WORK INSTRUCTION
Transcribe word for word each line from the one containing "Chunky Pearl Hair Tie" to the final line of the data, both included. Skip the pictures.

BEGIN INFORMATION SUPPLIED

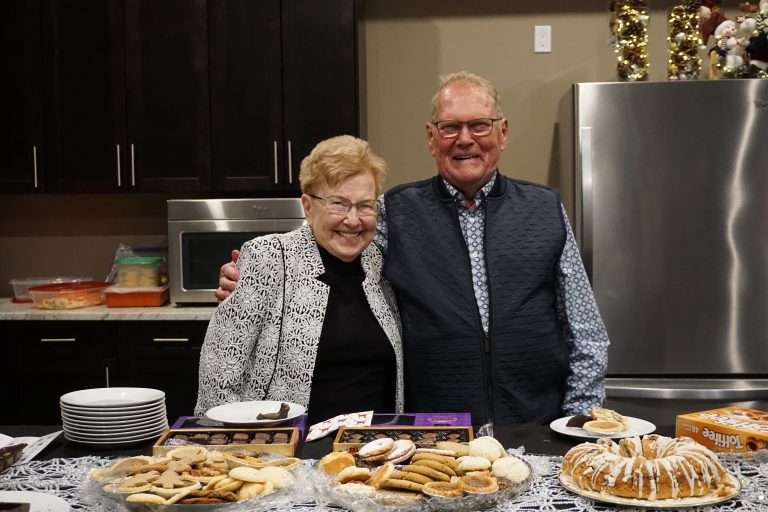 Edmonton senior finds love letter from husband written before he died of COVID-19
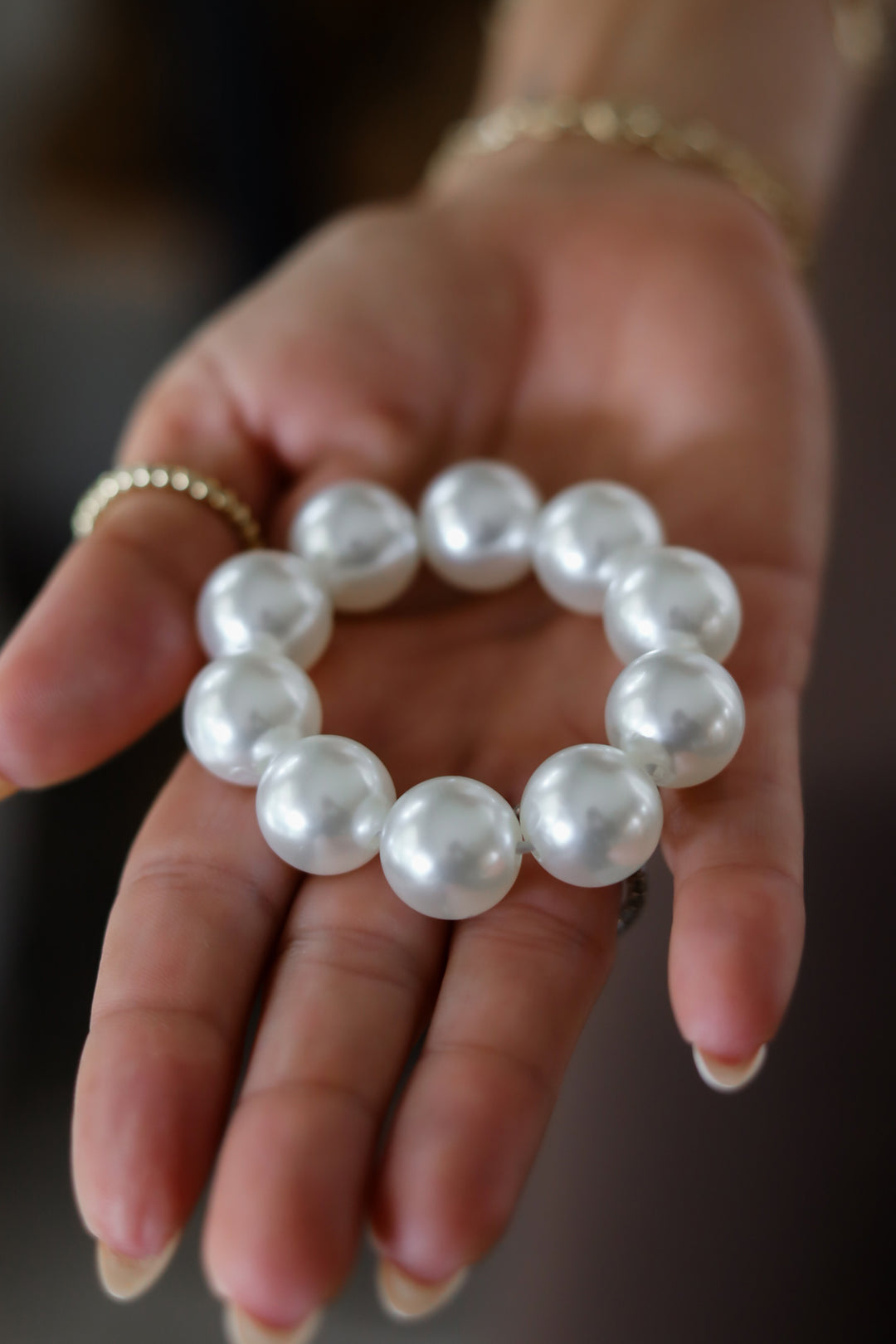 Chunky Pearl Hair Tie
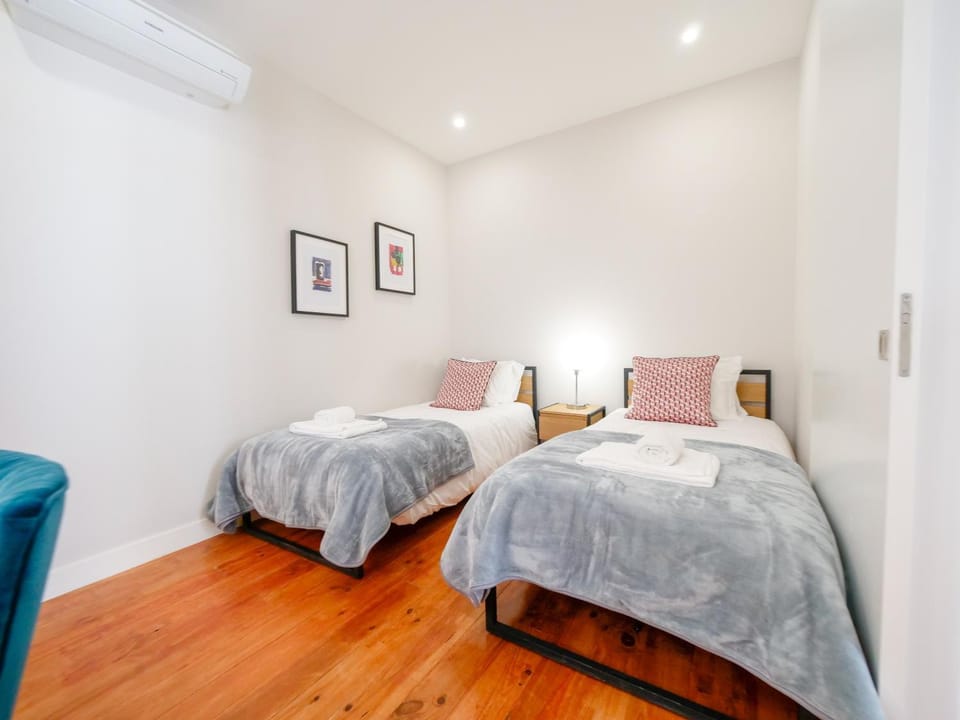 Bed, Photo of the whole room, Bedroom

END INFORMATION SUPPLIED

RESULT
 Chunky Pearl Hair Tie
 Bed, Photo of the whole room, Bedroom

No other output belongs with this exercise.